If it wasn’t already obvious, two updates this week warn that a slowdown in global economic growth is underway.
It’s still debatable if the weaker trend will continue and unleash a new worldwide recession. The US economy is certainly vulnerable, but it’s premature to say that an NBER-defined contraction is fate for the world’s biggest economy. But one thing is clear: macro risk has ticked higher, as new reports from Markit Economics and Fulcrum Asset Management remind.
Let’s start with Markit’s purchasing managers’ index (PMI) that spans the globe for the manufacturing and services sectors. Monday’s update for September shows that global economic growth dipped to a nine-month low. The JP Morgan Global All-Industry Output Index fell to 52.8 last month from 53.9. The PMI is still above the neutral 50 mark, but growth’s edge continues to narrow.
“The latest PMI surveys point to a waning trend in global economic growth at the end of the third quarter, as rates of expansion softened in both the manufacturing and service sectors,” says JP Morgan’s David Hensley. “The disparity between emerging and developed nations also remains, with the former registering a contraction while the latter saw growth hold up well in comparison despite slowing slightly over the month.”
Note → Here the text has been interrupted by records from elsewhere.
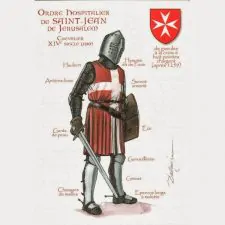 carte postale ordre hospitalier de saint jean de jerusalem chevalier du xiveme siecle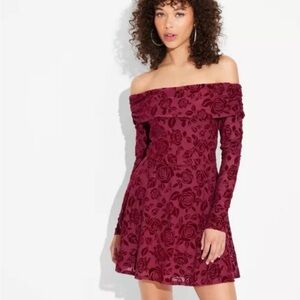 Long sleeve mini fit and flare dress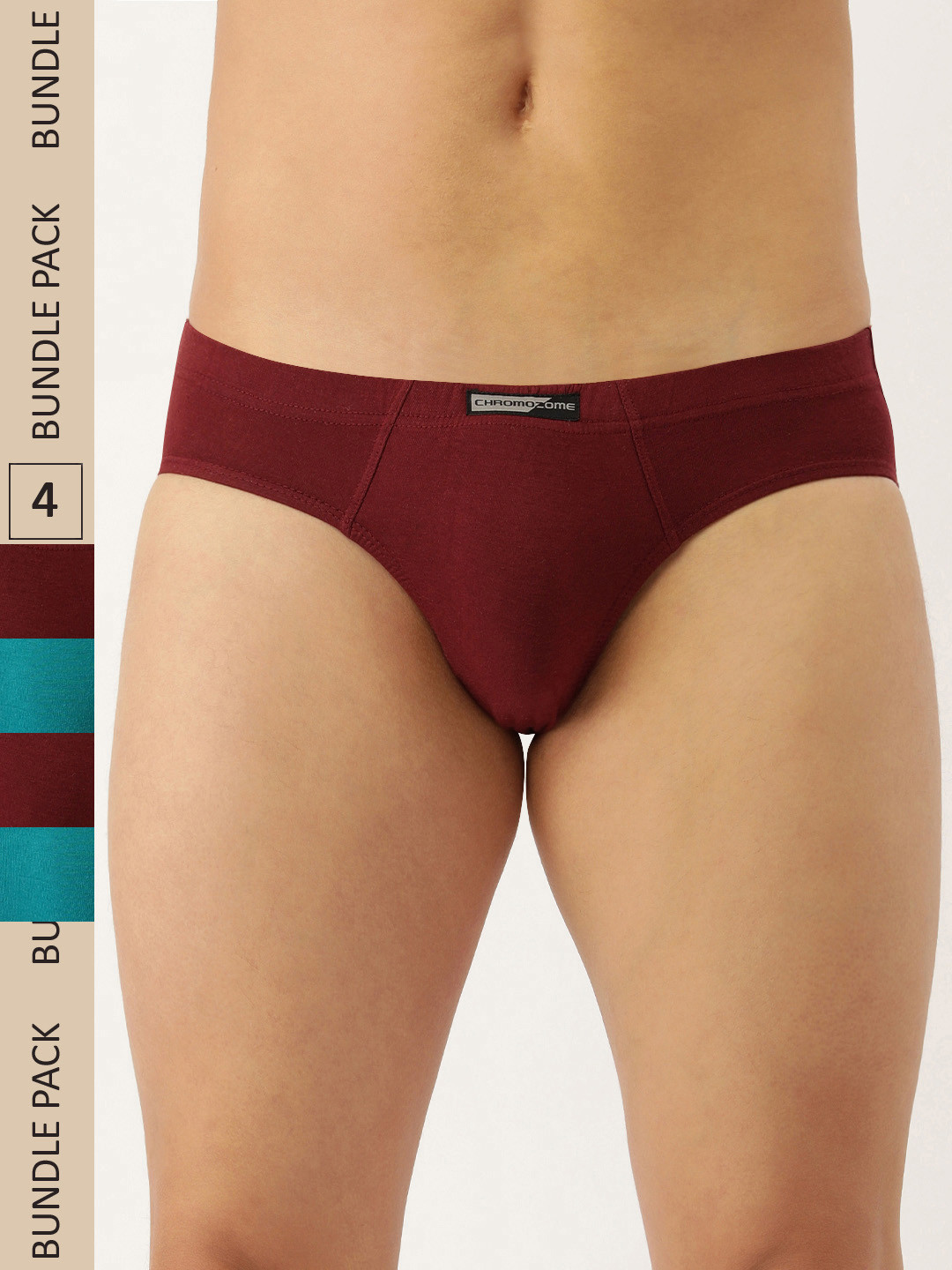 

Chromozome Men Pack Of 4 Pure Cotton Mini Briefs 8902733625395, Maroon
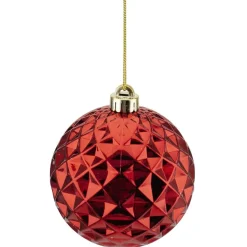 BALL DIAMOND CUT 120MM SHINY RED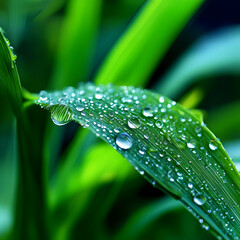 Beautiful details of nature. Morning dew drops on fresh green leaf,  Drops of clean transparent water on leaves, Spring summer natural background, the rain drops on the green leaf in closeup, concept 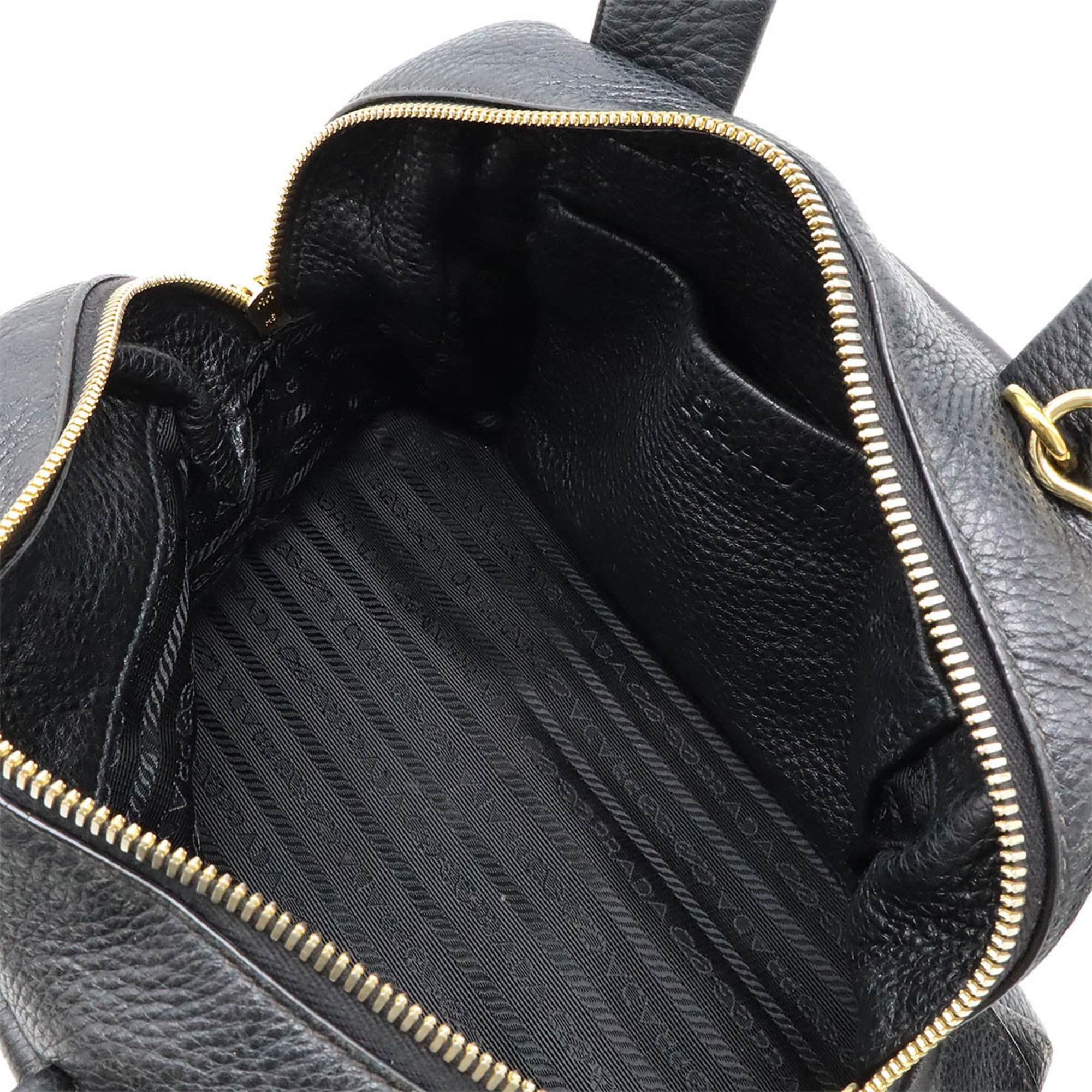 PRADA Prada Punching Handbag Bag Shoulder Leather NERO Black Purchased at a domestic boutique 1BB078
Meanwhile, Fulcrum’s Gavyn Davies this week advised that “our latest ‘nowcasts’ for global economic activity have for the first time identified a clear slowdown in growth since mid-2015, with both emerging markets (NYSEARCA:EEM) and advanced economies now growing more slowly.”
Davies goes on to explain that
The dominant contractionary force in the world economy is a commodity shock, which is not exactly the same thing as a China shock, though the two are related. These shocks are now starting to impact activity growth in the US, which has also slowed markedly since mid year, though some of this is probably due to a temporary inventory downturn. So far, the euro area seems to have been fairly immune to the global slowdown.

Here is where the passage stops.